*** Opening SOURCE MATERIAL ***
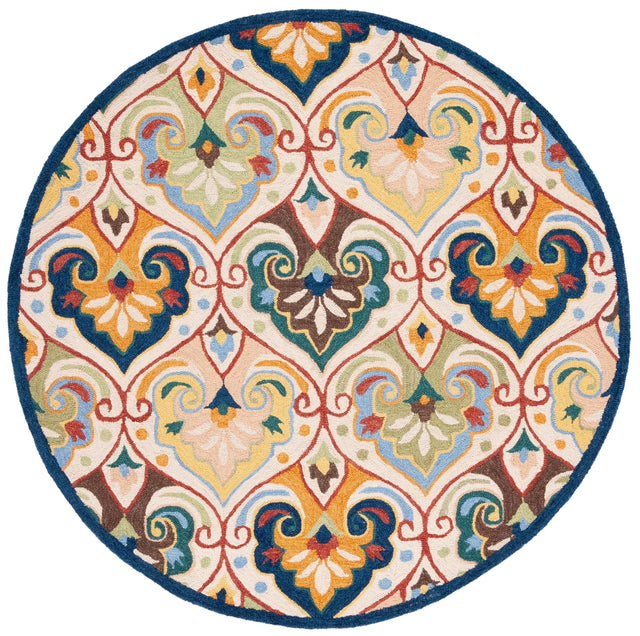 Safavieh Metro Met114B Beige/Blue Rug.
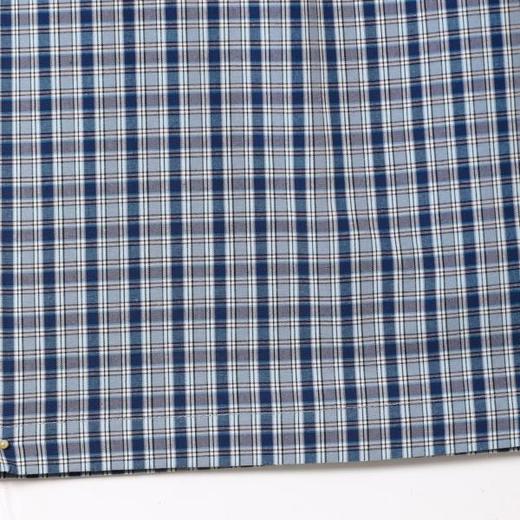 SDSA男装2026新款高贵轻奢韩系撞色格纹格子休闲裤百搭休闲裤子 商品图4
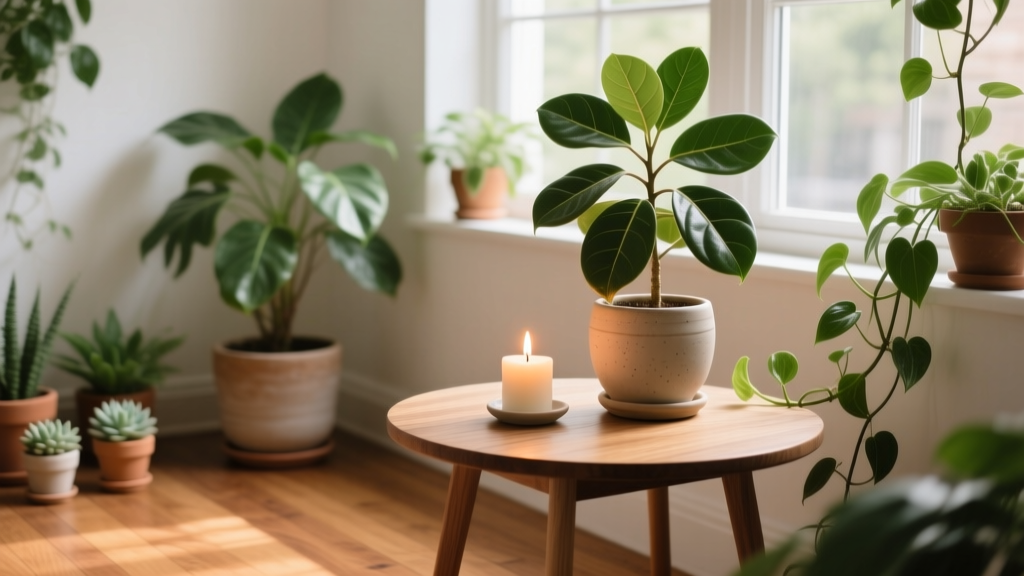 Are Small Candles Bad for Indoor Plants? The Truth About Soot, Smoke, VOCs, and Hidden Stressors — Plus 7 Plant-Safe Alternatives That Won’t Harm Your Monstera or ZZ Plant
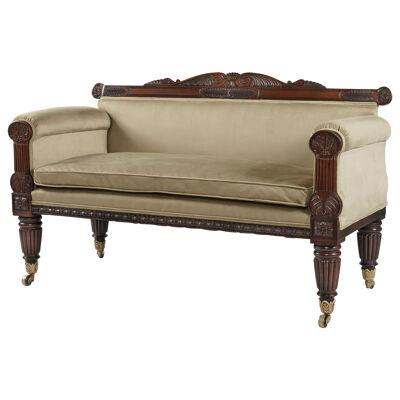 George IV Period Sofa In the Grecian Manner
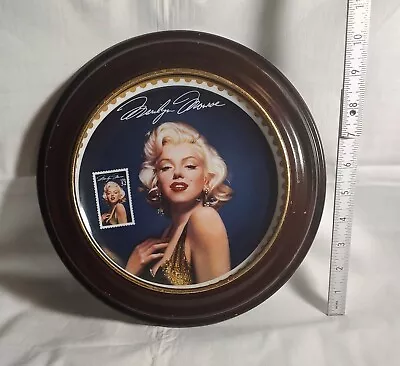 Marilyn Monroe Collectible Plate  Sultry Yet Regal  (1995)  • $16.99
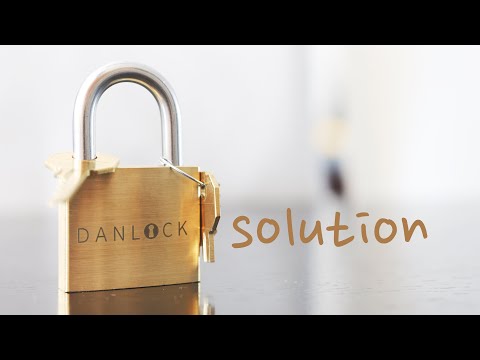 How to solve the legendary Danlock puzzle (spoilers)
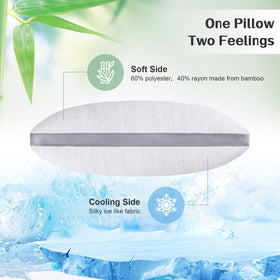 Meoflaw pillowcase 3D design adds stylish, breathable cover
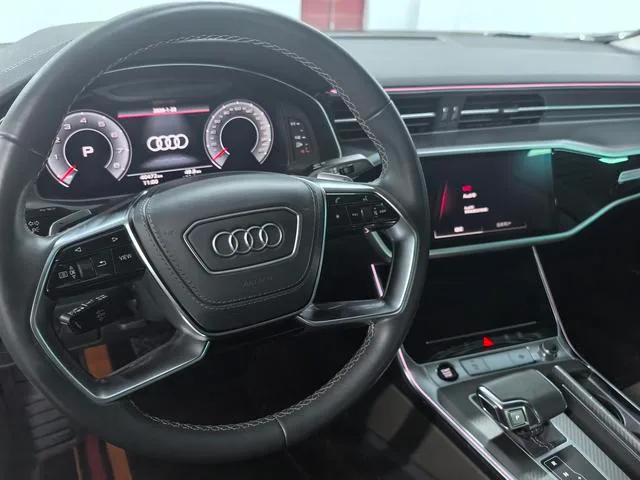 Audi A7L 2024 45 TFSI S-line Conjunto de cristal de flujo de construcción de sueños exterior foto 5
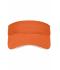 Unisex Sandwich Sunvisor Orange/white 7699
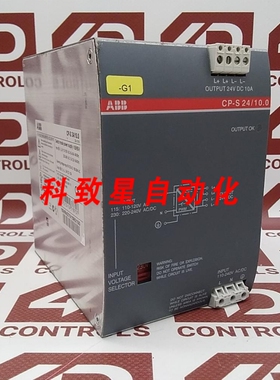 工业配件CP-S24/10.0 电源开关模式110-240VAC/DC输出:24VDC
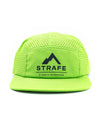 strafe outerwear fall/winter 23/24 collection banger touring hat in citrus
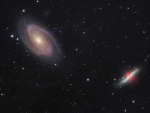 Galakticheskie voiny: M81 protiv M82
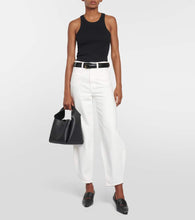 Toteme Leather bucket bag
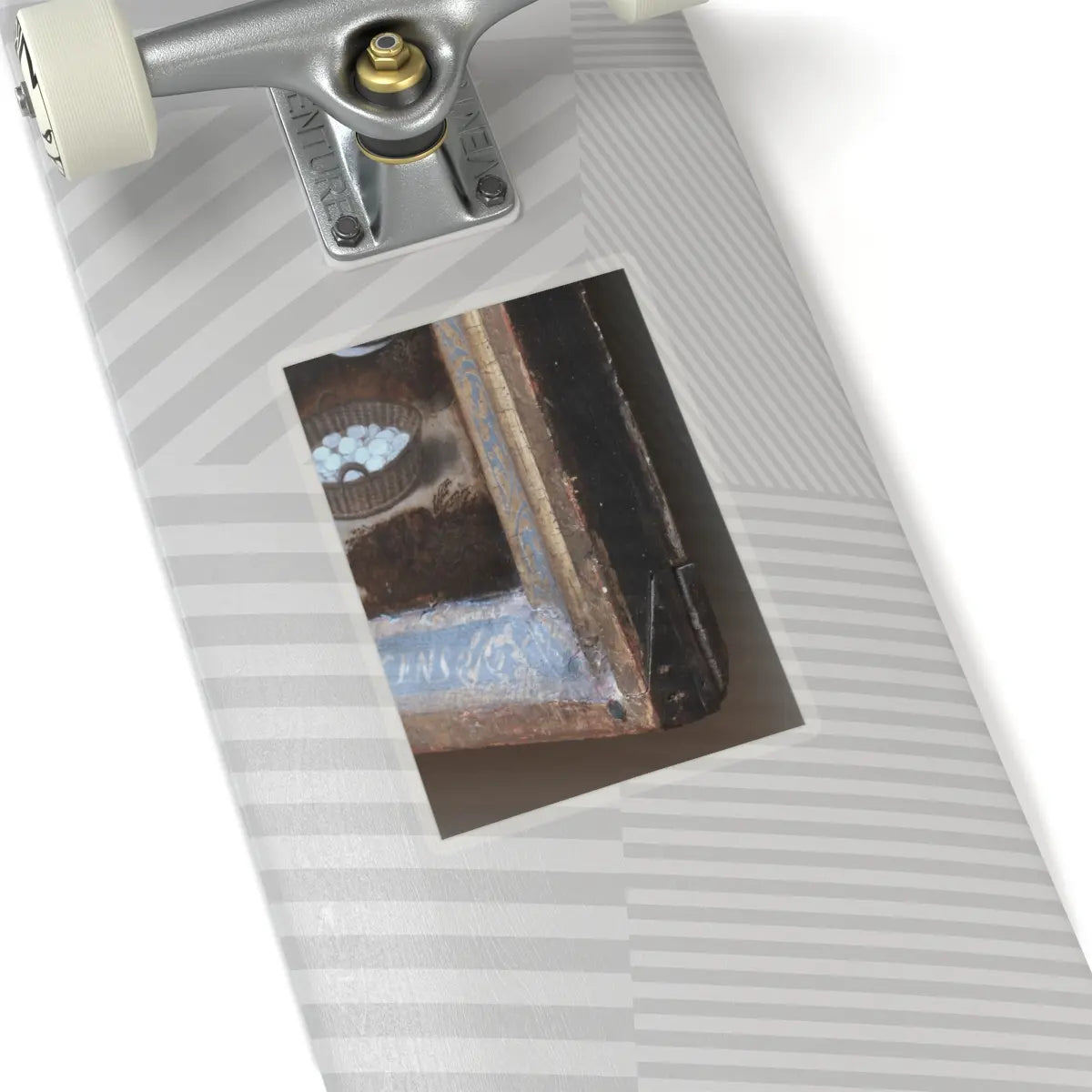 SKU:TSS-STICK-NTHNTW-6X6-1N26O Sizes:6" × 6" Types:Transparent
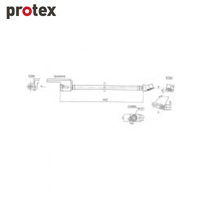 Protex Brake Hose H1047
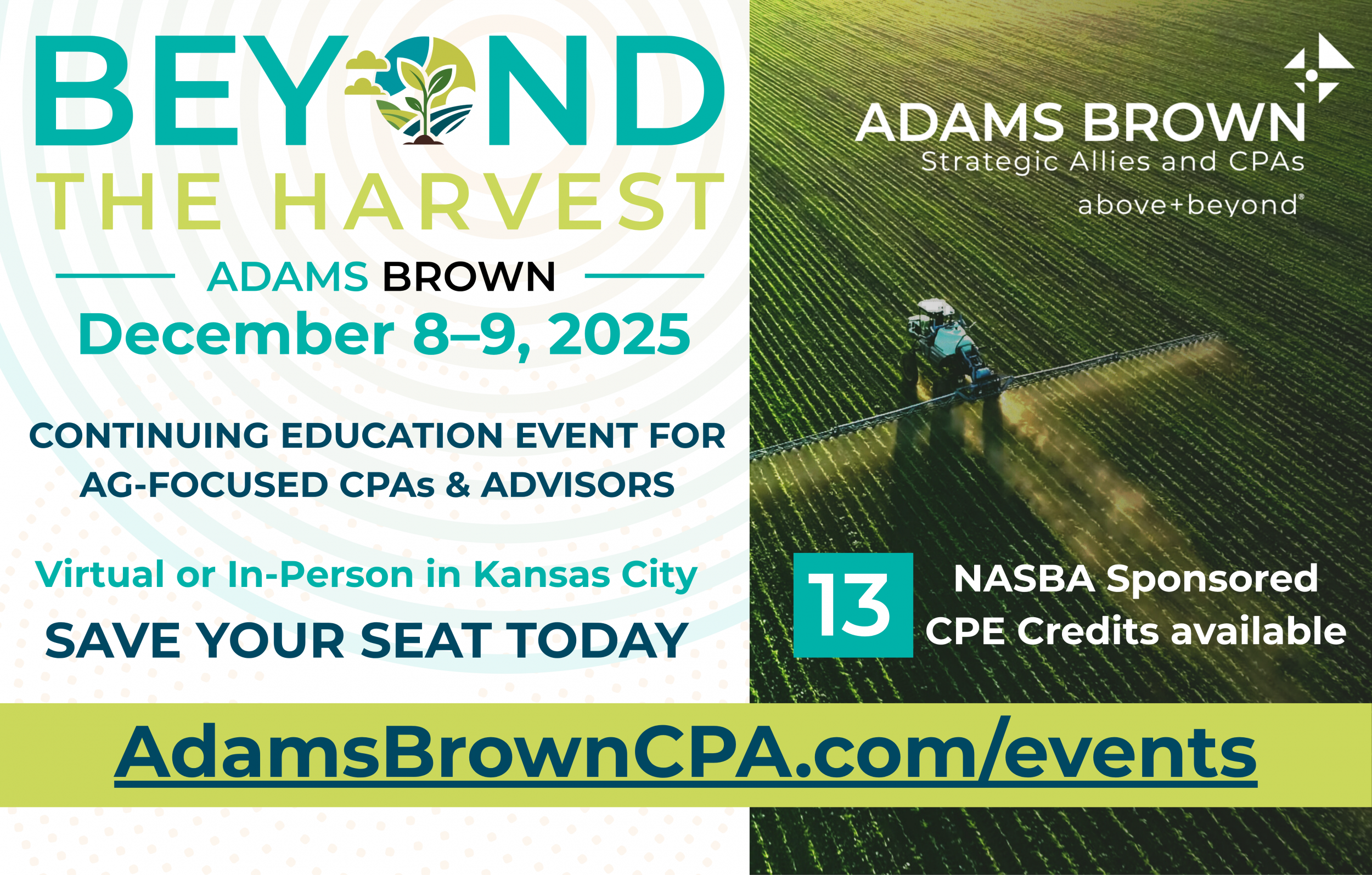 Blog Ad | AdamsBrown Ag Conf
*** Closing SOURCE MATERIAL ***
With the pictures left out, copy exactly the lines above from the line containing "Galakticheskie voiny: M81 protiv M82" through the last line of the entries.

 Galakticheskie voiny: M81 protiv M82
 Toteme Leather bucket bag
 SKU:TSS-STICK-NTHNTW-6X6-1N26O Sizes:6" × 6" Types:Transparent
 Protex Brake Hose H1047
 Blog Ad | AdamsBrown Ag Conf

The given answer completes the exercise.